Describe your career journey since leaving UCL

After university, I worked at reputed architectural firms in the UK, plus I had short-term roles at places like Icon magazine and the London School of Economics. I was part practising architect and part marketing person. On returning to India, I continued to build on this until I was fully involved in communications for a studio. 

In 2011, I took a break and started Epistle. This was a personal mission that I began thinking about when I was at The Bartlett. In London, I was exposed to how architects and stakeholders in the built environment were communicating with each other, and I saw it being done really well. Coming back to India, I could see there was a gap. 

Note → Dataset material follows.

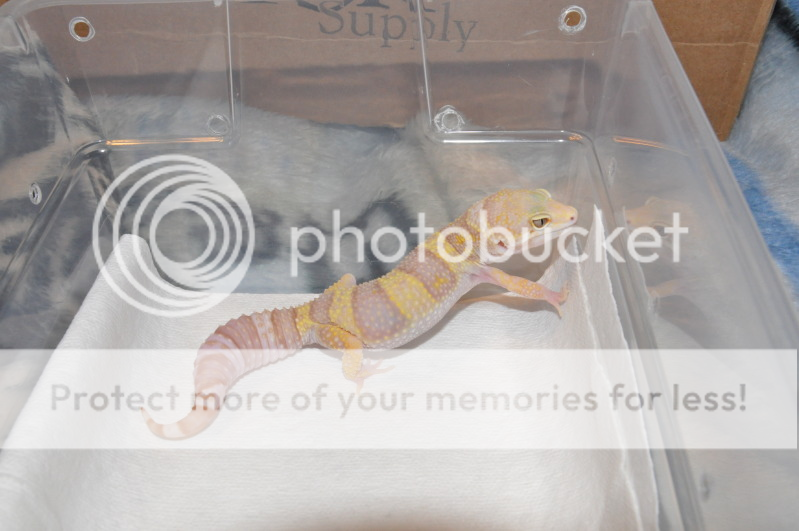 IMG_0545_zps2d2bdbb7.png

To begin with, it was content-based work, and it's grown from there. Today, we're a large team, the first consultancy of this kind in India – which we’re proud of – and we've set the precedent for other studios like ours to come up. At Epistle, we are focused on helping Indian design and architects get on the global map. When I was at The Bartlett, one Indian architect might occasionally get featured in global design and architectural magazines. Today, Indian practices are all over crafting their own identity and being positioned for the work that they do, and we are proud to say that we've played a critical role. It's very satisfying. 

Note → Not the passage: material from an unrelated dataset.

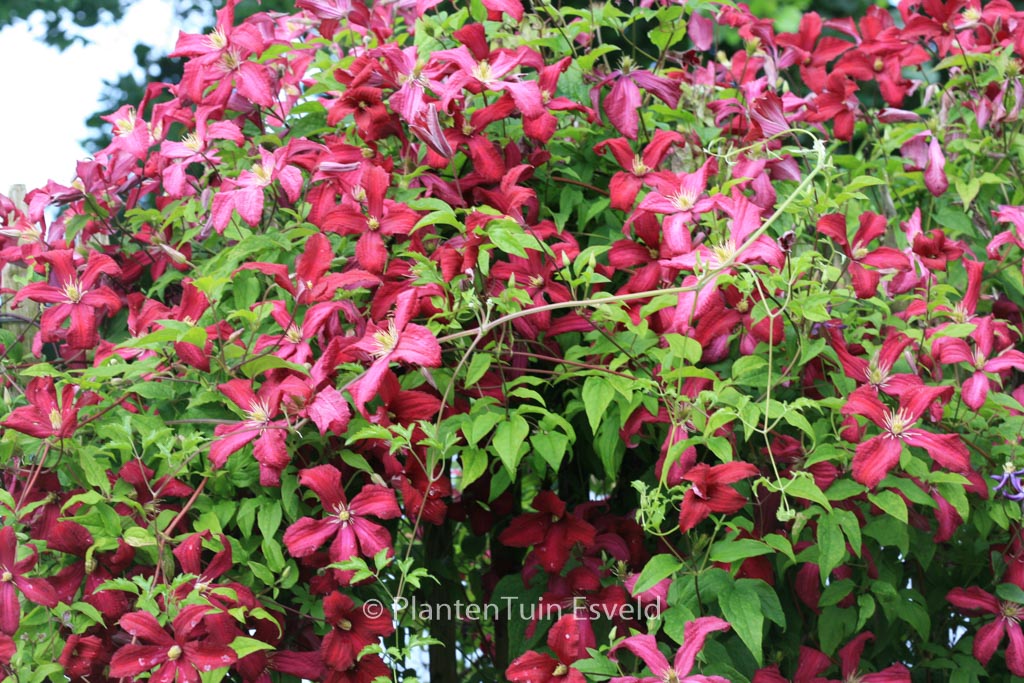 Clematis ‚Madame Julia Correvon‘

It also makes me recognise the immense responsibility we have too, which is why over the last two years I've gotten involved with the UCL alumni community. I feel like this all started with my journey at UCL, and this is one way of giving back. 

What advice would you give international students coming to UCL?

It's about getting rid of preconceived notions of what student life is going to be, and instead of just focusing on the academic rigour of the course, think about your time as a holistic experience. Leverage what’s going on outside of your course and the opportunities that you have, and professional success is bound to follow.

UCL played a critical role in my personal and professional development because I was able to maximise my experience. I took up every professional, cultural and learning opportunity that came to me. That's the stuff that counts and makes your portfolio complete. Employers are looking for the extra edge, and you can get that at UCL.